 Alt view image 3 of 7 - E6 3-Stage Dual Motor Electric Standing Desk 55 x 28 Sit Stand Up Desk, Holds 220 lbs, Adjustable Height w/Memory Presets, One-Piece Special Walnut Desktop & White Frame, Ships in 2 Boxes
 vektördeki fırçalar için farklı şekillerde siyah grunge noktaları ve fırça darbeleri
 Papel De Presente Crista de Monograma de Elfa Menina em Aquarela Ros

=-=-=-=-=

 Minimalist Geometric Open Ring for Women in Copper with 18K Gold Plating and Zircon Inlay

=-=-=-=-=

**REQUIRED WORK:** From the records above, give again exactly the lines running from the line with "Alt view image" to the line with "Papel De Presente", inclusive.

**RESPONSE:**
 Alt view image 3 of 7 - E6 3-Stage Dual Motor Electric Standing Desk 55 x 28 Sit Stand Up Desk, Holds 220 lbs, Adjustable Height w/Memory Presets, One-Piece Special Walnut Desktop & White Frame, Ships in 2 Boxes
 vektördeki fırçalar için farklı şekillerde siyah grunge noktaları ve fırça darbeleri
 Papel De Presente Crista de Monograma de Elfa Menina em Aquarela Ros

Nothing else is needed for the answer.